Ingredients
- 2¼ pounds young garden peas, shelled
- 4¼ cups chicken or vegetable stock
- 2 cloves garlic (1 whole, 1 finely chopped)
- 1 (.5-ounce) container fresh mint leaves
- 2 tablespoons extra-virgin olive oil, divided
- 2 tablespoons plus 1 teaspoon unsalted butter, divided
- 2 small shallots, peeled and finely diced
- 1 cup Vialone Nano, Carnaroli or arborio rice
- 1/2 cup dry vermouth
- 1/4 cup freshly grated Parmesan cheese
Chef notes
This classic Venetian dish is the ultimate spring risotto.

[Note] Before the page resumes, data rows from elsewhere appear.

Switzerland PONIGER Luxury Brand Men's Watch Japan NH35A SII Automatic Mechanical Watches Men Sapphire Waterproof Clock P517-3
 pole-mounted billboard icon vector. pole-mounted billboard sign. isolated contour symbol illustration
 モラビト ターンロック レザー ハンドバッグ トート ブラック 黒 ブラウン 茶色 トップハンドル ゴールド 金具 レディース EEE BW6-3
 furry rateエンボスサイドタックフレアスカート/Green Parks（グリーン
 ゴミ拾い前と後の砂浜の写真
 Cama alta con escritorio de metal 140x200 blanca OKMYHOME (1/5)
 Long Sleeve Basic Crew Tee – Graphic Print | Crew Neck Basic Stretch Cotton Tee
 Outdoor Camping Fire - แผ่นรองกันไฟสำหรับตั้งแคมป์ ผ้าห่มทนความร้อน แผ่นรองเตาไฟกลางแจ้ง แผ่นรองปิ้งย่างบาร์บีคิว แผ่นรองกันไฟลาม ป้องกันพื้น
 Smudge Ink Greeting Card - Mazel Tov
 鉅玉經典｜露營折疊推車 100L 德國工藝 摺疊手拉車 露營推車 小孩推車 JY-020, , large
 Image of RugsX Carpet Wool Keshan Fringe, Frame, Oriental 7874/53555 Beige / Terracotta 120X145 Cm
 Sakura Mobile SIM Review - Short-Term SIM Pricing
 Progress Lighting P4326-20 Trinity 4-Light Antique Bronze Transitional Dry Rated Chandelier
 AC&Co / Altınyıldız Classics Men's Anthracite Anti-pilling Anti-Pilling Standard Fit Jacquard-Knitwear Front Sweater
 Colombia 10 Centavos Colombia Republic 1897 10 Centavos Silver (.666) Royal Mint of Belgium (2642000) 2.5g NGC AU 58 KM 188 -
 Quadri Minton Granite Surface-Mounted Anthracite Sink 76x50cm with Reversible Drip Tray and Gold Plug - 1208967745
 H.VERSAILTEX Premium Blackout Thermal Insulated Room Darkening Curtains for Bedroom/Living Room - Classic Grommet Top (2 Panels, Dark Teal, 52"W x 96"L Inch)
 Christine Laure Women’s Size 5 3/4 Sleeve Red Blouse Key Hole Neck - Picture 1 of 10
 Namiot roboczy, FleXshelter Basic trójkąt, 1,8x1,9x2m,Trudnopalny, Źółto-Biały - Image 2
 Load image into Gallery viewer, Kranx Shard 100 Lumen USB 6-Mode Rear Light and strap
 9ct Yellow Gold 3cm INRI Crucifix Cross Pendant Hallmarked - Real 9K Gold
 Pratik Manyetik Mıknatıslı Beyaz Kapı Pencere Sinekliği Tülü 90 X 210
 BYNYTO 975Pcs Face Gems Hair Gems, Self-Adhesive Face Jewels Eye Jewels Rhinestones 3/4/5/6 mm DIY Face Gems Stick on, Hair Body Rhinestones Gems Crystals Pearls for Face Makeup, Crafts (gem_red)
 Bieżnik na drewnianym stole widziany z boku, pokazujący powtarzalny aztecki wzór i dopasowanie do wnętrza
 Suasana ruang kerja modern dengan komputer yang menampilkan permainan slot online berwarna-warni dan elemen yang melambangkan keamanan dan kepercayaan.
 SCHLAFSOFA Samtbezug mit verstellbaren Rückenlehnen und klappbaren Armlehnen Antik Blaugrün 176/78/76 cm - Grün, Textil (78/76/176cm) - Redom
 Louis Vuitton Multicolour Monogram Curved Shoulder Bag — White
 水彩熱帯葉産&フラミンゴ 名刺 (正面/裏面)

Swap option: Vialone Nano is a traditional, medium-grain rice use to make this dish. However, if you can't find it, you may use another variety of starchy rice such as Carnaroli or arborio.
Preparation
1.Fill a large stockpot with 6¼ cups of water. Add some of the shelled pods, just enough for them to be submerged, and discard the rest. Bring the water to a boil and then immediately turn down the heat to a simmer for 30 to 60 minutes, or until reduced by half.
2.Strain the pea liquid into a large bowl and discard the pods.
3.Pour the pea liquid back into the pot, add the stock and bring to a simmer.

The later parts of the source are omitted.